Sekretaris Jenderal DPR, Indra Iskandar, mengungkapkan bahwa pemadaman listrik di gedung parlemen akan dimulai pada pukul 18.00 WIB dan berlangsung hingga pagi hari.
Keputusan ini merupakan bagian dari upaya penghematan energi yang lebih ketat setelah evaluasi internal. Sebelumnya, rencana pemadaman listrik ditetapkan hingga pukul 20.00 WIB, namun dipercepat menjadi pukul 18.00 WIB.
“Pemadaman bisa dilakukan lebih awal jika tidak ada agenda rapat di gedung parlemen,” ujar Indra saat konferensi pers pada Jumat, 27 Maret 2026.
Langkah ini dilakukan sebagai bagian dari strategi efisiensi yang lebih besar menyusul potensi krisis energi yang semakin nyata akibat ketegangan geopolitik global.
Konflik antara Amerika Serikat, Israel, dan Iran diperkirakan akan berdampak pada pasokan energi dunia. Untuk itu, DPR berkomitmen untuk mengurangi konsumsi energi secara signifikan.
Dalam implementasinya, DPR akan membentuk kelompok kerja yang akan bertanggung jawab untuk mengontrol penggunaan listrik di seluruh ruangan di lingkungan parlemen.
Efisiensi tidak hanya terbatas pada pemadaman listrik, tetapi juga mencakup penghematan di sektor lain, seperti pengurangan perjalanan dinas aparatur sipil negara (ASN), operasional kendaraan dinas, dan pengeluaran rutin non-prioritas.

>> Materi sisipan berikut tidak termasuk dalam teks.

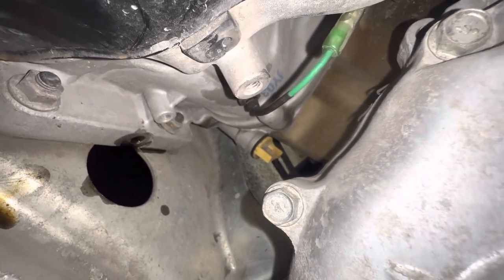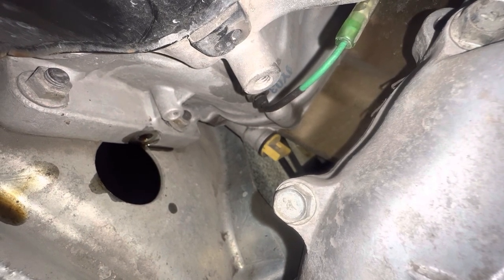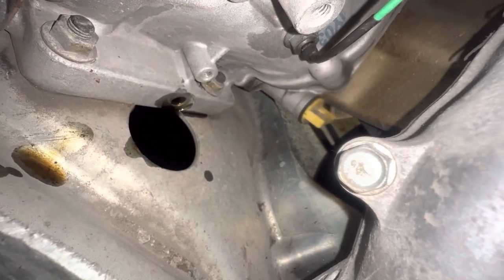I'm gonna show you something else too. You see that yellow plug over there — pretty much like a little dipstick — they're bad for leaking, so make sure it's tight. And yes, I'm changing the oil, because you can probably see the oil plug.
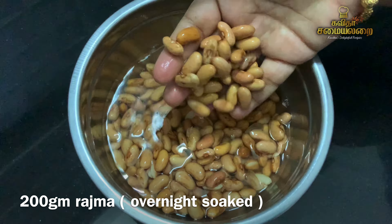Welcome to Kavitha Samayelarai! Now we will talk about a special recipe. This recipe is a good recipe — Rajma Gravy. Punjabi Dhaba Restaurant Style Rajma Gravy.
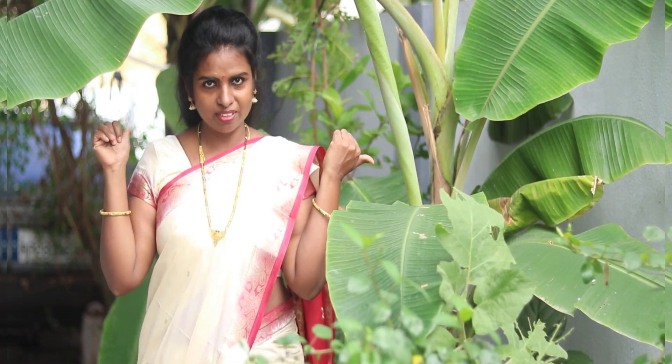Good morning. Hi, my name is Lekshmi. I am Dekshmi and I am a great friend. I am a great guy and I am a good guy.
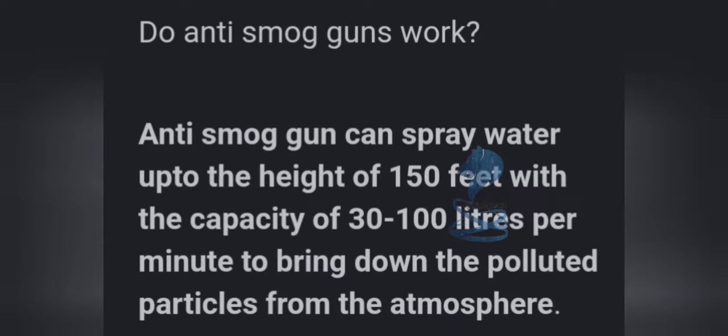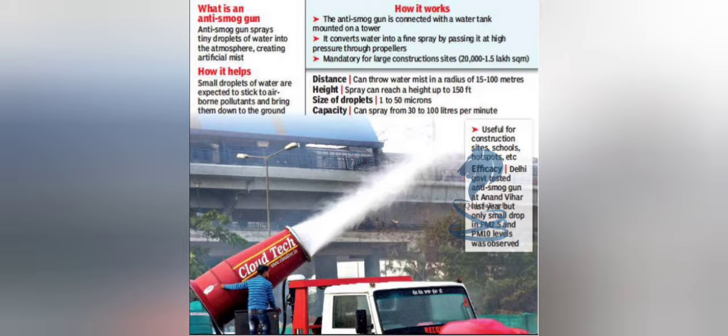Do anti-smog guns work? An anti-smog gun can spray water up to a height of 150 feet, with the capacity of 30 to 100 liters, to bring down polluted particles from the atmosphere.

Kebijakan pemadaman ini tidak hanya tentang efisiensi penggunaan energi di lingkungan DPR, tetapi juga sebagai upaya untuk mengantisipasi potensi krisis energi yang lebih besar.
Isu krisis energi global sudah menjadi perhatian utama banyak negara, dan Indonesia tidak terkecuali. Oleh karena itu, DPR berusaha menjadi contoh dengan mengoptimalkan penggunaan sumber daya yang ada.
Lebih jauh lagi, kebijakan ini menunjukkan adanya perubahan pola kerja di DPR yang kini lebih menekankan pada efisiensi dan pengendalian energi.
Para pejabat DPR berharap bahwa langkah ini dapat menjadi inspirasi bagi instansi pemerintah lainnya dalam menghadapinya potensi krisis energi yang lebih luas.
Dengan langkah ini, diharapkan seluruh komponen pemerintah dapat lebih siap dalam menghadapi tantangan krisis energi yang mungkin akan terjadi dalam waktu dekat.